10.Interaction Effects between Individual Socioeconomic Status and Regional Deprivation on Onset of Diabetes Complication and Diabetes-Related Hospitalization among Type 2 Diabetes Patients: National Health Insurance Cohort Sample Data from 2002 to 2013
Jieun JANG ; Yeong Jun JU ; Doo Woong LEE ; Sang Ah LEE ; Sarah Soyeon OH ; Dong-Woo CHOI ; Hyeon Ji LEE ; Jaeyong SHIN
Health Policy and Management 2021;31(1):114-124
Background:
In this study, we aimed to investigate the interaction effects of individual socioeconomic status and regional deprivation on the onset of diabetes complications and diabetes-related hospitalization among type 2 diabetes patients.
Methods:
Korean National Health Insurance Service National Sample Cohort data from 2002 to 2013 were used.

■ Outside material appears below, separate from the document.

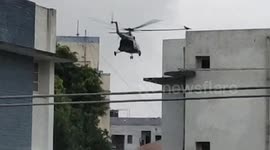 Helicopters drop food packets on rooftop of flood-hit areas in northern India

A total of 50,954 patients newly diagnosed with type 2 diabetes from 2004 to 2012 and aged 30 years or above were included. We classified patients into six groups according to individual income level and neighborhood deprivation: ‘high in advantaged,’ ‘high in disadvantaged,’ ‘middle in advantaged,’ ‘middle in disadvantaged,’ ‘low in advantaged,’ and ‘low in disadvantaged.’ We calculated hazard ratios (HR) of onset of diabetes complication and diabetes-related hospitalization using the Cox proportional hazard model, with the reference group as diabetes patients with high income in advantaged regions.
Results:
In terms of the interaction effects of individual income level and regional socioeconomic level, even with the same low individual income level, the group with a high regional socioeconomic level (low in advantaged) showed low HRs for the onset of diabetes complication (HR, 1.04; 95% confidence interval [CI], 1.00–1.08) compared to the ‘low in disadvantaged’ group (HR, 1.10;95% CI, 1.05–1.16). In addition, the ‘high in advantaged’ group showed slightly higher HRs for the onset of diabetes complication (HR, 1.06; 95% CI, 1.00–1.11) compared to the ‘low in advantaged’ and it appeared to be associated with slight mitigation of the risk of diabetes complication. For the low-income level, the patients in disadvantaged regions showed the highest HRs for diabetes-related hospitalization (HR, 1.29; 95% CI, 1.19–1.41) compared to the other groups.
Conclusion
Although we need to perform further investigations to reveal the mechanisms that led to our results, interaction effects individual socioeconomic status and regional deprivation might be associated with on onset of diabetes complications and diabetes-related hospitalization among type 2 diabetes patients.